The Hidden Geometry of Particle Collisions

We unify many concepts in collider physics, including infrared and collinear safety, observables, jet finding, pileup mitigation and more, using a geometric language based on the Energy Mover’s Distance. Along the way, we develop new techniques grounded in this geometry, including extensions of observables, new jet-finding algorithms, novel pileup mitigation based on Apollonius diagrams, and a concrete notion of “theory space.”

OmniFold: A Method to Simultaneously Unfold All Observables

We develop OmniFold, an ML-based unfolding technique that can incorporate full-phase-space information, works without binning, and can avoid choosing specific observables.

Cutting Multiparticle Correlators Down to Size

We show that a broad class of mathematical objects, multiparticle correlators, can be manipulated by “cutting” the vertices and edges of their graphical representation, leading to many identities, computational speedups, and surprising connections to string theory.

Exploring the Space of Jets with CMS Open Data

We explore the CMS 2011A Jet Primary Dataset using standard jet substructure observables as well as the Energy Mover’s Distance. Our reprocessed datasets and analysis code are made public to facilitate future Open Data studies.

The Machine Learning Landscape of Top Taggers

A community report on a variety of ML top taggers to which we contributed a PFN, EFN, and EFP model.

The Metric Space of Collider Events

We develop a metric, the Energy Mover’s Distance (EMD), on the space of events that, intuitively, is the amount of “work” required to rearrange one event into another. Many techniques that require a pairwise distance between objects can now be applied to collider events, including quantifying event distortion, classification based on density estimation, and studying the space of events itself.

Energy Flow Networks: Deep Sets for Particle Jets

We adapt and specialize the Deep Sets neural network architecture for use with collider events, since the particles in an event naturally form a variable length, unordered set of objects. Our resulting Energy Flow Networks (EFNs) and Particle Flow Networks (PFNs) are incredibly powerful and simple architectures for use in collider physics.

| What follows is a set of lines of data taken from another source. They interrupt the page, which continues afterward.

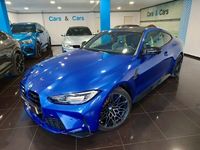 Usado BMW M4 Competition Edition 510 CV (375 kW) 2022 Azul Coupe
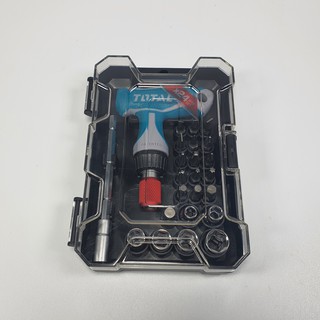 Bộ tua vít 24 chi tiết total tacsd30186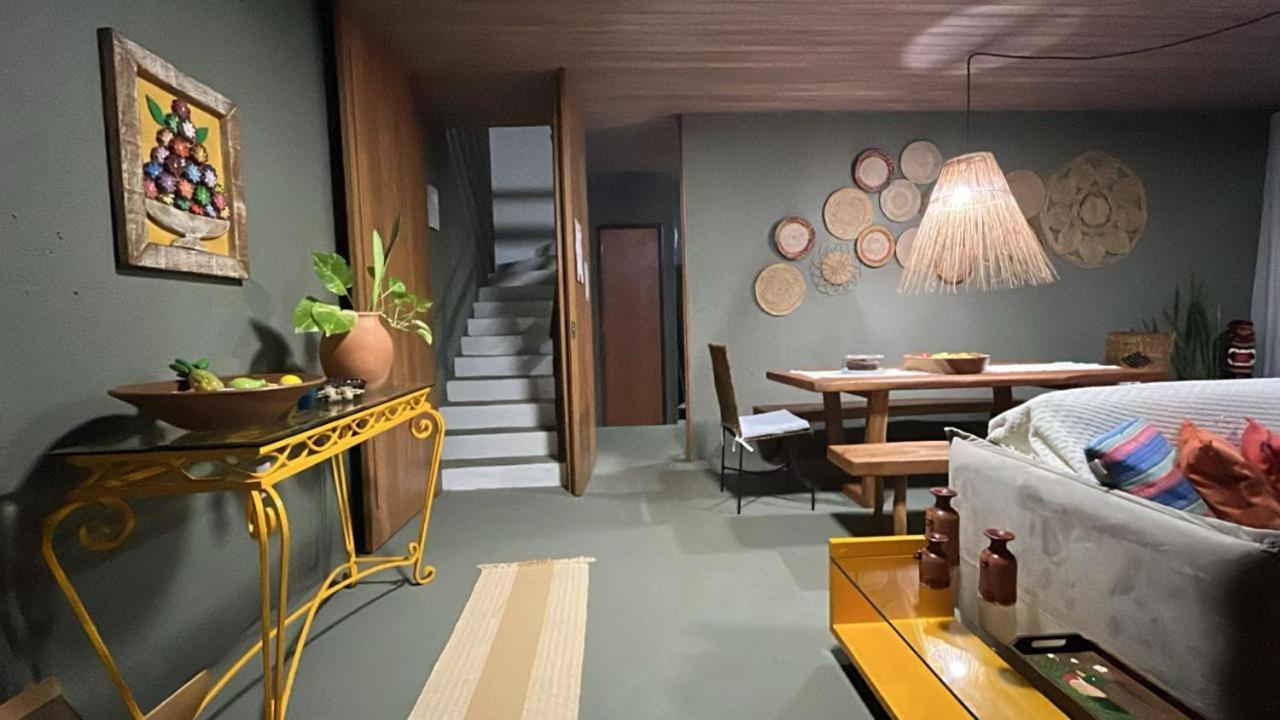 Villa Verde, Casa Charme São Miguel dos Milagres Exteriér fotografie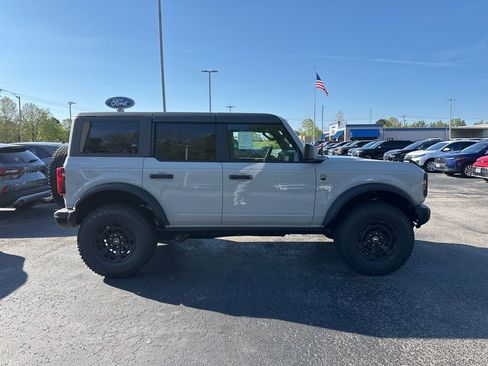 New 2026 Ford Bronco Big Bend AWD/4WD image 9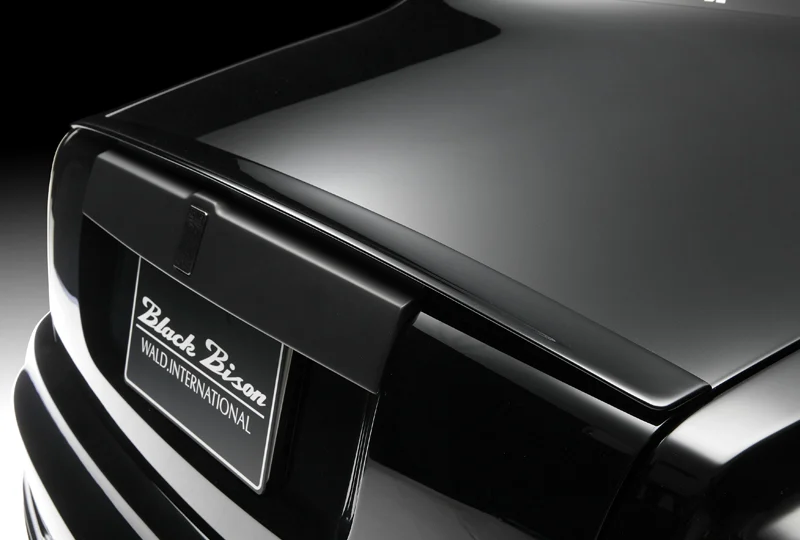 ชุดแต่ง ROLLS-ROYCE PHANTOM 7 SERIESⅡ WALD Japan สปอร์ตไลน์ แบล็กไบซัน เอดิชัน ภาพ 9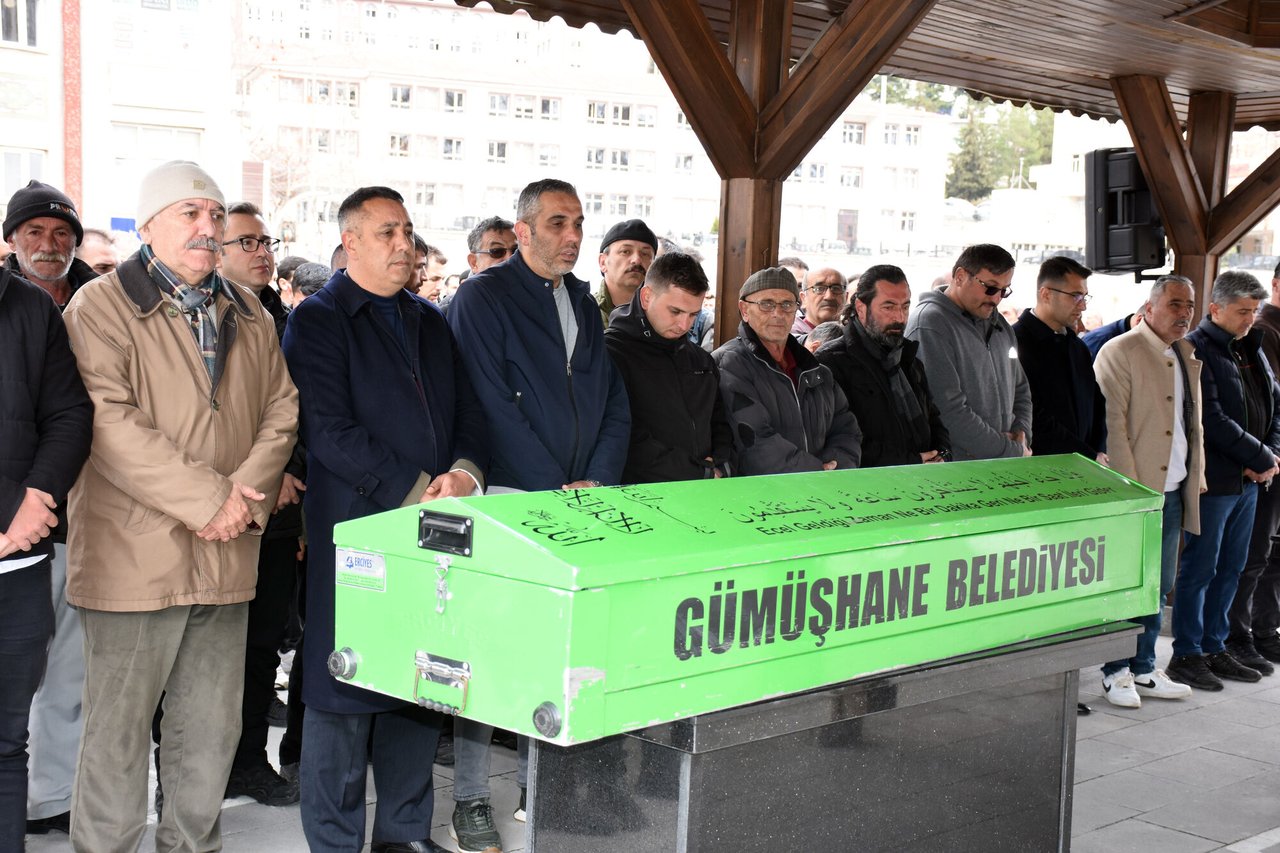 BAŞKANIMIZ, KÖKSAL SARAÇ'I EBEDİYETE UĞURLADI, HAS YAYLA ÜRÜNLERİ İŞLETMESİNİN AÇILIŞINI YAPTI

An operational definition of quark and gluon jets

We develop a precise, practical, hadron-level definition of quark and gluon jets based on topic modeling of two mixed samples of jets. This allows for data-driven extractions of separate quark- and gluon-jet cross sections, among other things.

Learning to classify from impure samples with high-dimensional data

We study two methods of weakly supervised training in the context of jet classification, extending them to deep neural network architectures. We find that the Classification Without Labels (CWoLa) paradigm outperforms Learning from Label Proportions (LLP).

Energy Flow Polynomials: A complete linear basis for jet substructure

We develop the Energy Flow Polynomials (EFPs), a set of IRC-safe observables that form an (over)complete basis for any IRC-safe observable. This supports the sufficiency of linear methods for tasks such as classifying different jets, and indeed we find that a linear classifier using EFPs performs surprisingly well on a variety of jet discrimination tasks.

Pileup Mitigation with Machine Learning (PUMML)

We develop the PUMML framework for mitigating the contamination from extra protons colliding at the LHC using machine learning. We demonstrate that a convolutional neural network can clean up such contamination at least as well as existing methods, with improvements in robustness across a wide variety of pileup levels.

Deep learning in color: Towards automated quark/gluon jet discrimination

We show for the first time that deep learning is quite successful at discriminating between quark and gluon jets. We use a convolutional neural network trained on jet images and observable large improvements in classification efficiency, as well as rough insensitivity to the mismodeling of quark and gluon jets by Monte Carlo simulations.